Remember, our example topic is marketing advice and services for small business owners.This is a pretty broad area with lots of competitors who are already operating and established. Using the following steps, you can still carve out a story no-one else is talking about.

Step 2: What are your customers happy to pay for?

Your story is only going to work for your business if it aligns with your customer’s demand. In the above example, a few things your customers are probably happy to pay for might include:

  • Sales
  • Leads
  • Email / mail subscribers (assuming those turn into leads)
  • Exposure of their business to their target market

So far this follows a pretty logical order for creating a story, and most people offering marketing for small businesses are talking about getting people more sales, more subscribers, leads, and exposure.

But you can start telling an ever-fresher story by considering …

Step 3: What other conversations are they having?

Entering the conversation your customer is already having is a well known marketing strategy for getting your reader’s attention.

But it doesn’t have to be a conversation about something they want.

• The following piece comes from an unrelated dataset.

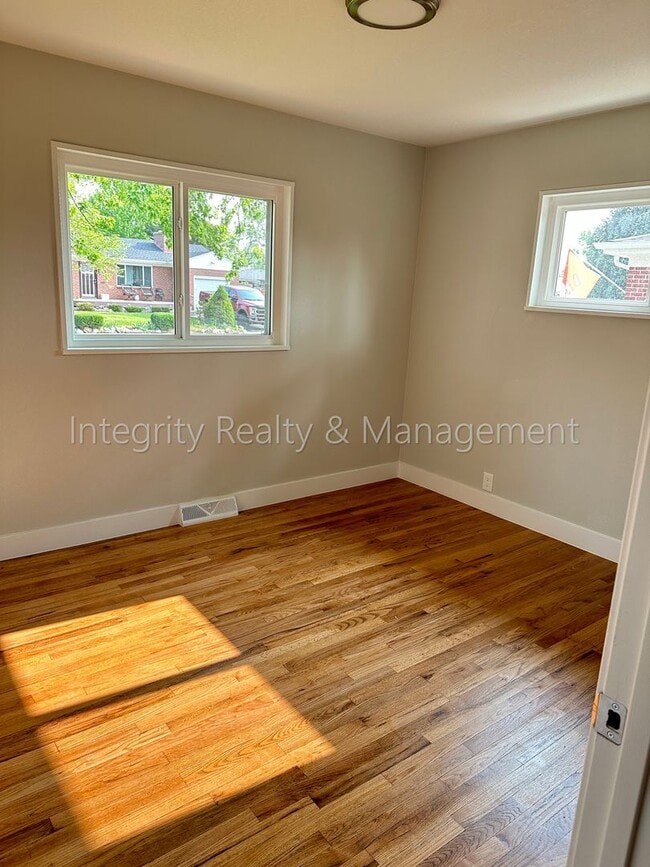 Building Photo - 3092 W Layton Ave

In fact, it’s often something they’re sick and tired of.

So, in the example above, small businesses may be getting sick and tired of companies promising sales and leads without proof or credibility.

Or perhaps you’ve noticed more business owners want to be known for the personality behind the service, not just what they do.

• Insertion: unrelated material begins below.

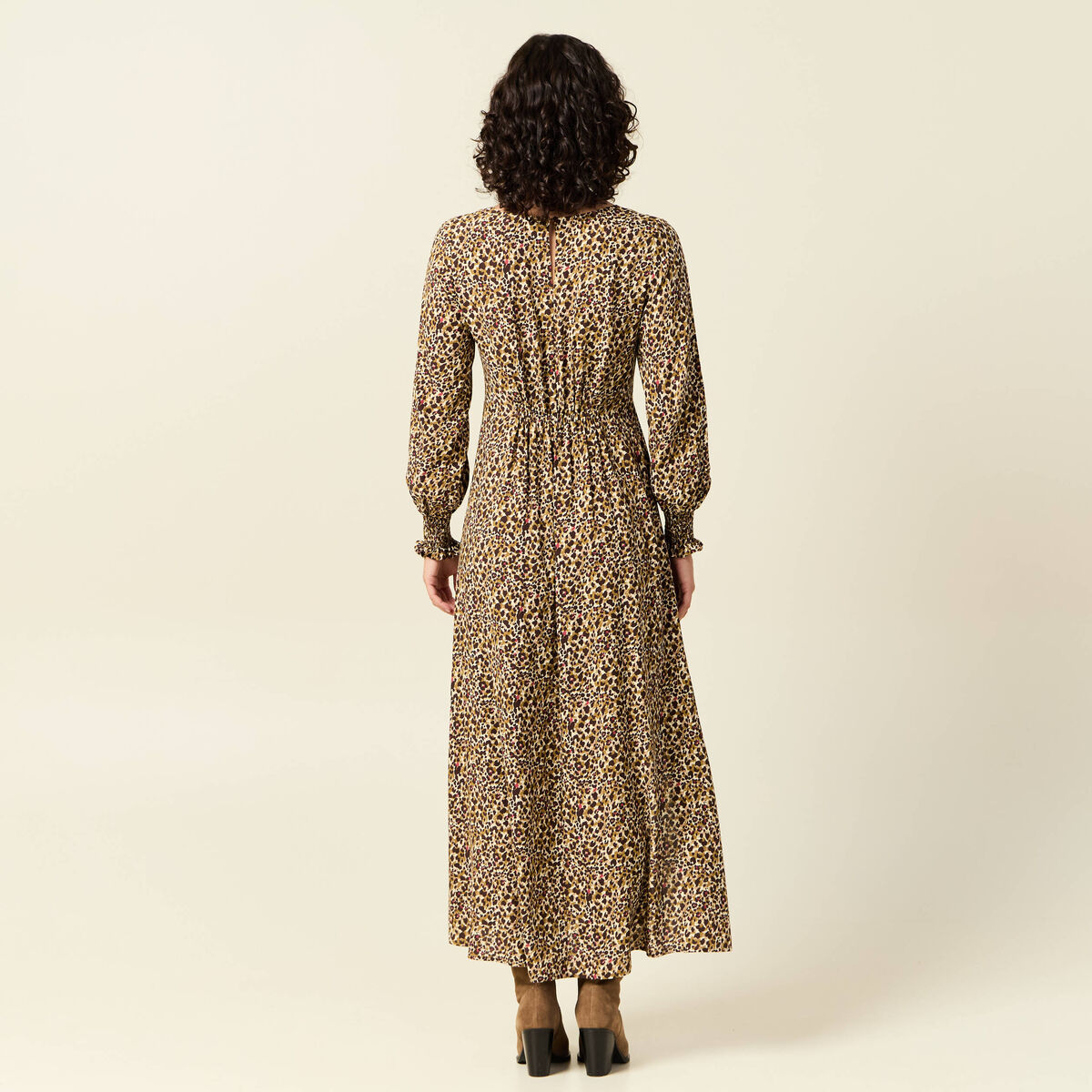 Robe longue &eacute;vas&eacute;e taupe femme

And with content marketing methods rapidly evolving, you may have seen examples of questions, confusion, and interest surrounding videos, webinars, and infographics.

Eventually, you might come up with a list of interests that looks like this:

  • Increasing skepticism — more demand for proof
  • Interest in well known business personalities / personal branding
  • Increasing interest / confusion over new methods of content marketing

By this stage you might already see opportunities for telling a new story, or creating a new product that catches their attention and still gives them what they want.

Step 4: Add in a dose of “you”

Your business story naturally focuses on your customer, and then on the product you offer, but you can add an extra layer of interest by including elements like:

  • Your personal interests
  • Your professional background
  • The reason you started your business
  • Your skills

So let’s look at a couple of different ways we could combine the elements from these 4 stages:

A marketer with a personal obsession for facts, figures, and analytics notices a growing popularity for articles containing case studies and results. He decides to start a campaign of testing one marketing initiative a week, sharing the results, and explaining how to interpret the analytics. He starts promoting his “see-through marketing” explaining that it’s a reaction to business owners struggling to make sense of knowing what marketing actually works. If his story is a hit, he can then start to launch training programs and products that build on this interest and demand from his customers.

Or, take the marketer who has been in every musical since nursery school and feels at home on the stage. She notices more people want to use videos and webinars, but don’t know how to present themselves, smile, to hold their posture etc. She shares her stage experience and trains entrepreneurs to stand out in the “Broadway of online business,” helping them attract subscribers and build trust with confident, charismatic presentations.

The same four steps, but two completely different market positions. And as you can see, these four steps can be combined and interpreted in countless ways.

If you play around with the four steps, you can build a story that combines your strengths, personality, customer demand, and current trends to tell a story nobody is talking about in your industry.

And it’s one way to stop your business being seen as a commodity by your customers.

Instead of being just “another” copywriter, marketer, or web designer, you’re the copywriter, marketer or web designer who … [insert your story here].

What’s your story?

What do you think?

Do you look for a story to connect with when you’re hiring someone? What are the stories of businesses you admire? What elements stand out to you?